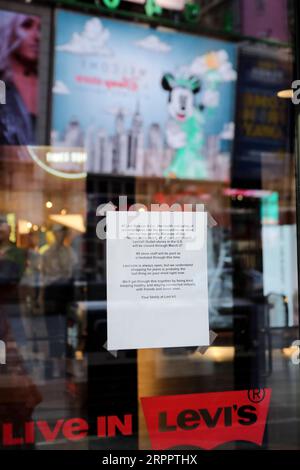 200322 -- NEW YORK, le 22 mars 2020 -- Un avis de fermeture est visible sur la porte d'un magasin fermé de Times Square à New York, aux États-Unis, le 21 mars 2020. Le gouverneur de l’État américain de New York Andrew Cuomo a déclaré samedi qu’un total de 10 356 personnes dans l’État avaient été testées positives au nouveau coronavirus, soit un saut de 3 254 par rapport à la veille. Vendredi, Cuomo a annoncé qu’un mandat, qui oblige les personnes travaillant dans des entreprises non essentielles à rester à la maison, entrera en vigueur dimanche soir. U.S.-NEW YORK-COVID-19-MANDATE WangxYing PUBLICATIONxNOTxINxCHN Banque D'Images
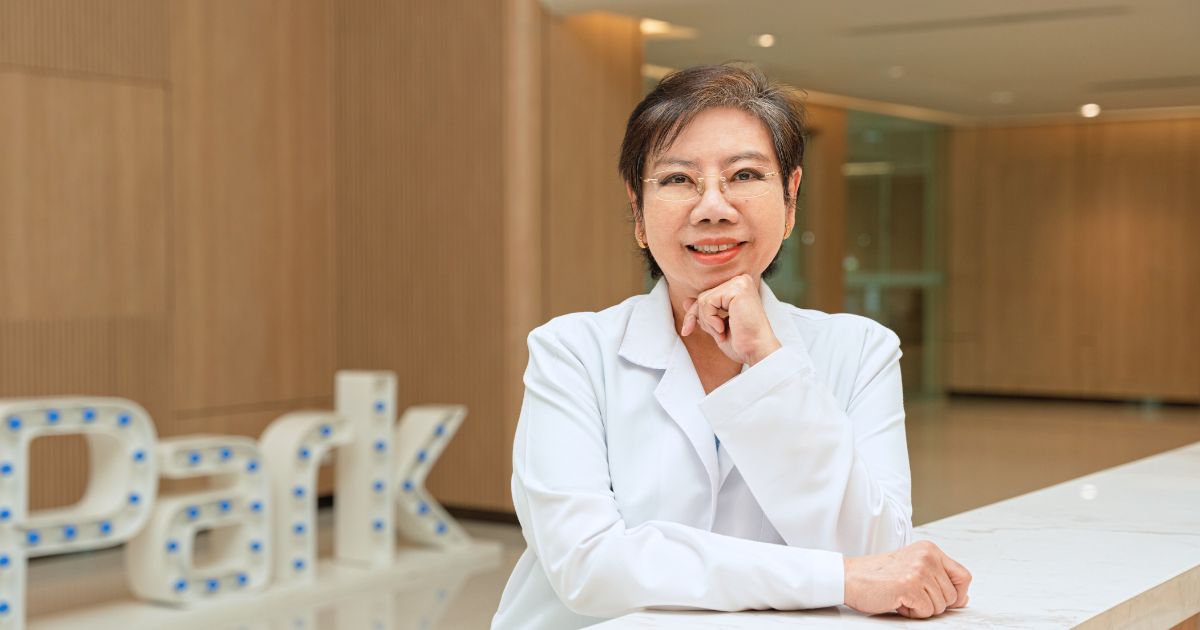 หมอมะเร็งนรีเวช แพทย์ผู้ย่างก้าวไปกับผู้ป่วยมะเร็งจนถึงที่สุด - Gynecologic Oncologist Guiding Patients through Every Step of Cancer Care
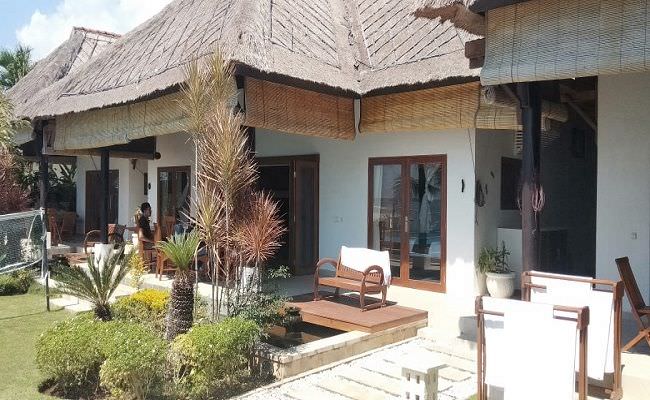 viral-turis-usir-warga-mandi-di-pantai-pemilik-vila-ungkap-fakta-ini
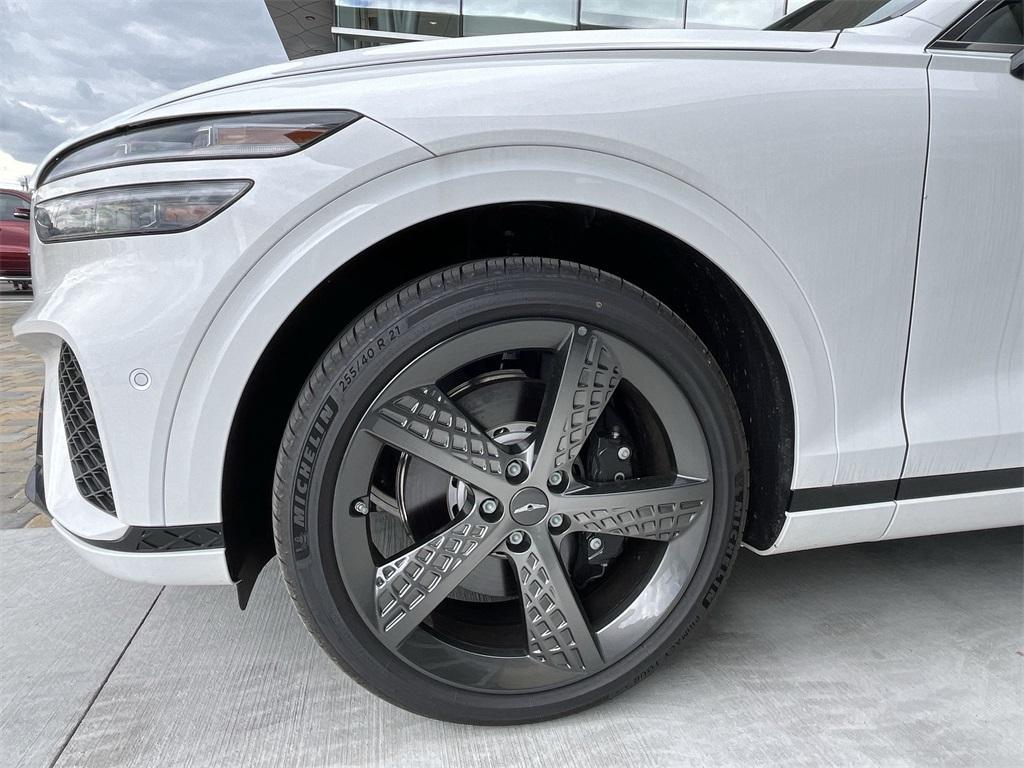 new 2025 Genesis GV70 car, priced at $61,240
------------------------------------
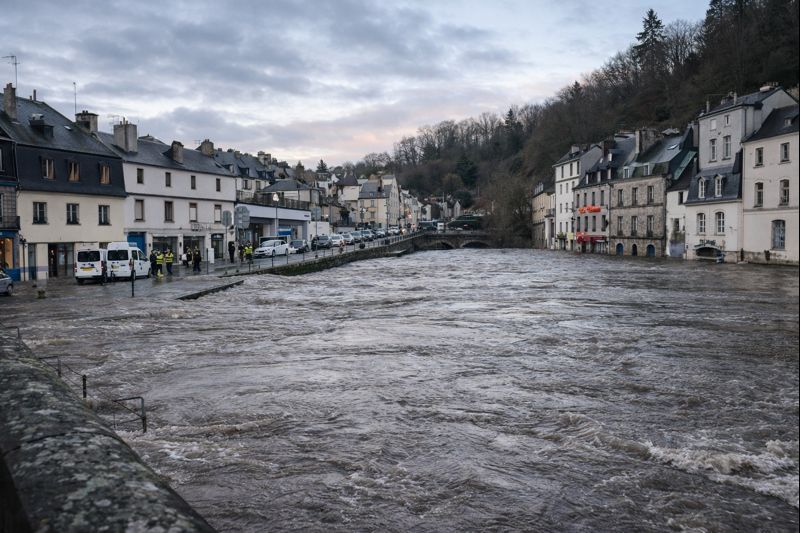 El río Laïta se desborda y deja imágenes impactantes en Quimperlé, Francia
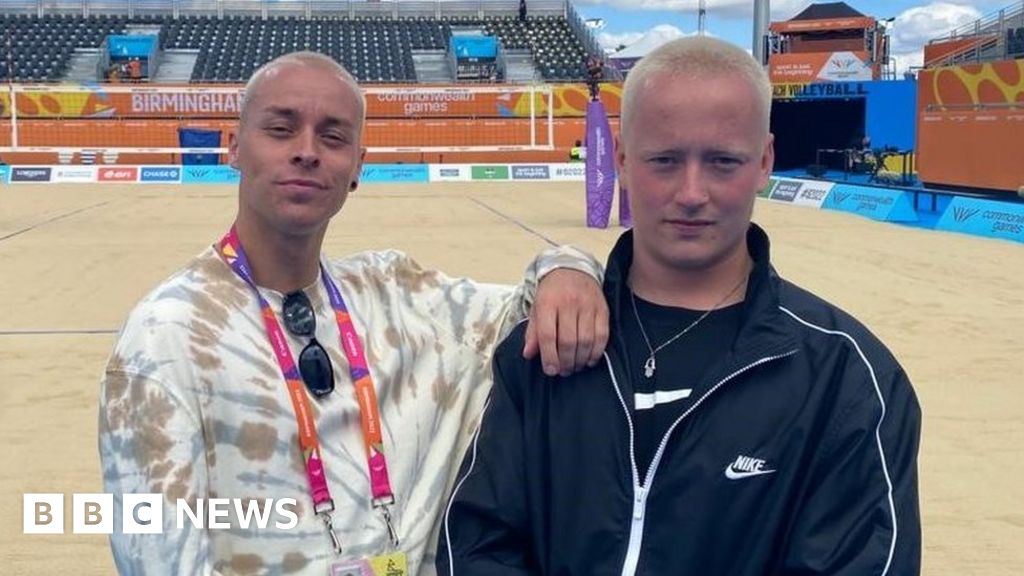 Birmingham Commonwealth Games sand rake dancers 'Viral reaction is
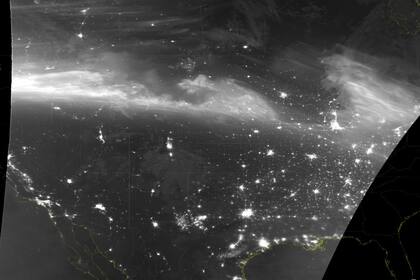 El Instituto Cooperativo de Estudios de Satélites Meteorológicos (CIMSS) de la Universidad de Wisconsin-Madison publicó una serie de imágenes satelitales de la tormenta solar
------------------------------------
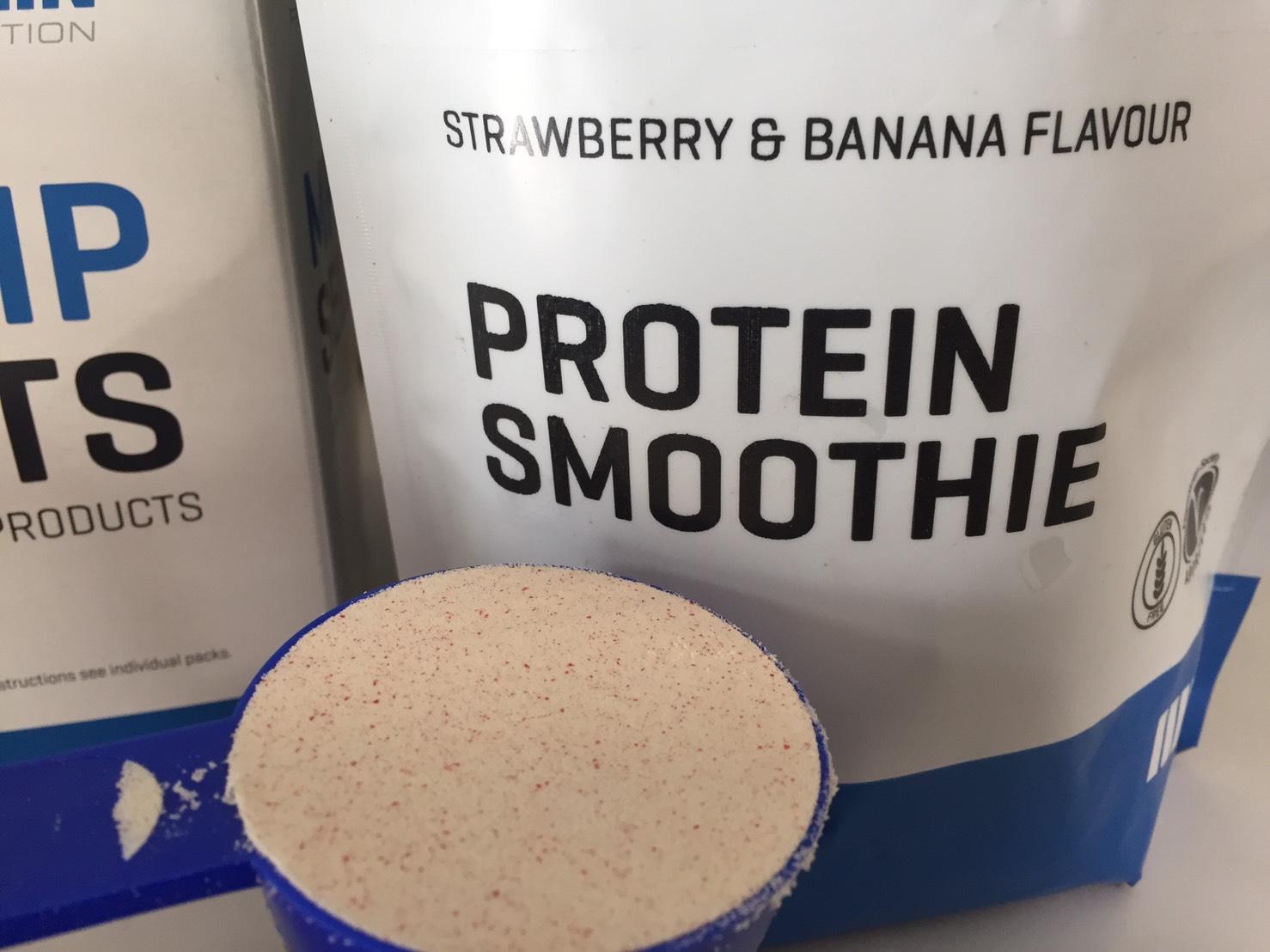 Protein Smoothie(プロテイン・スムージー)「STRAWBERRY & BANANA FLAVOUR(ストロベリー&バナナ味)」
------------------------------------
**Task statement**
Leaving out all pictures, set down exactly the lines of the material above, from the line with "El río Laïta" to the line with "El Instituto Cooperativo" inclusive, and no others.

**Problem solution**
 El río Laïta se desborda y deja imágenes impactantes en Quimperlé, Francia
 Birmingham Commonwealth Games sand rake dancers 'Viral reaction is
 El Instituto Cooperativo de Estudios de Satélites Meteorológicos (CIMSS) de la Universidad de Wisconsin-Madison publicó una serie de imágenes satelitales de la tormenta solar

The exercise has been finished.